Working From Home – Desk Set Up
Rachel Chapman, our sports therapist and pilates teacher, has put together some information for you about correct desk set up and general advice for home workers. Thanks Rachel!
With many of us now working from home, I thought it would be a great idea for us all to think about and check our home desk set up. After all posture at this time is so important to help keep us all pain free and healthy to avoid unnecessary pressure on the NHS. There are many benefits of having good posture including:
- Reduced lower back pain
- Fewer headaches
- Less tension in the shoulders and neck
- Decreased wear and tear on joints
- Improved circulation and digestion
Many things such as sitting at our desks for prolonged periods of time can lead to habitual poor posture.

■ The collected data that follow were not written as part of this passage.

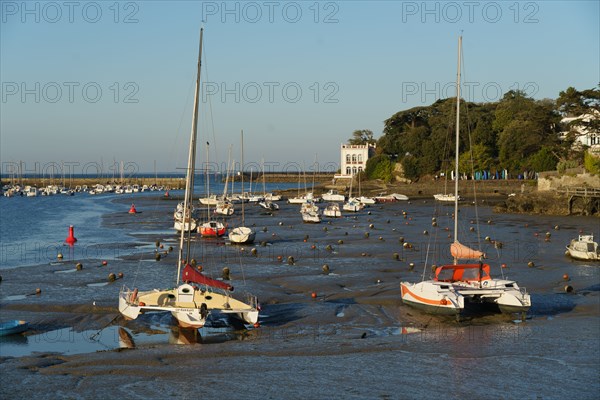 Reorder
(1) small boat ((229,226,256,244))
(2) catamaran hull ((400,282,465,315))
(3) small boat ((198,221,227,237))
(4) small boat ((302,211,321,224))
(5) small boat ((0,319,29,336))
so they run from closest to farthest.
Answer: (5) small boat ((0,319,29,336)), (2) catamaran hull ((400,282,465,315)), (1) small boat ((229,226,256,244)), (3) small boat ((198,221,227,237)), (4) small boat ((302,211,321,224))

However making a few changes and becoming aware of posture can easily lead to changing postural habits and improving how you look and feel. Steps to take to improve sitting posture:
- Keep feet flat on the floor or on a foot rest.
- Check the top of the monitor is at eye level or just below.
- Use a small, rolled-up towel or lumbar support to help maintain the curve of the lower back.
- Distribute weight evenly between the hips.
- Sit up with your back straight and shoulder back.
- Keep your shoulders relaxed.
Remember to move often throughout the day ideally every 30-60 minutes!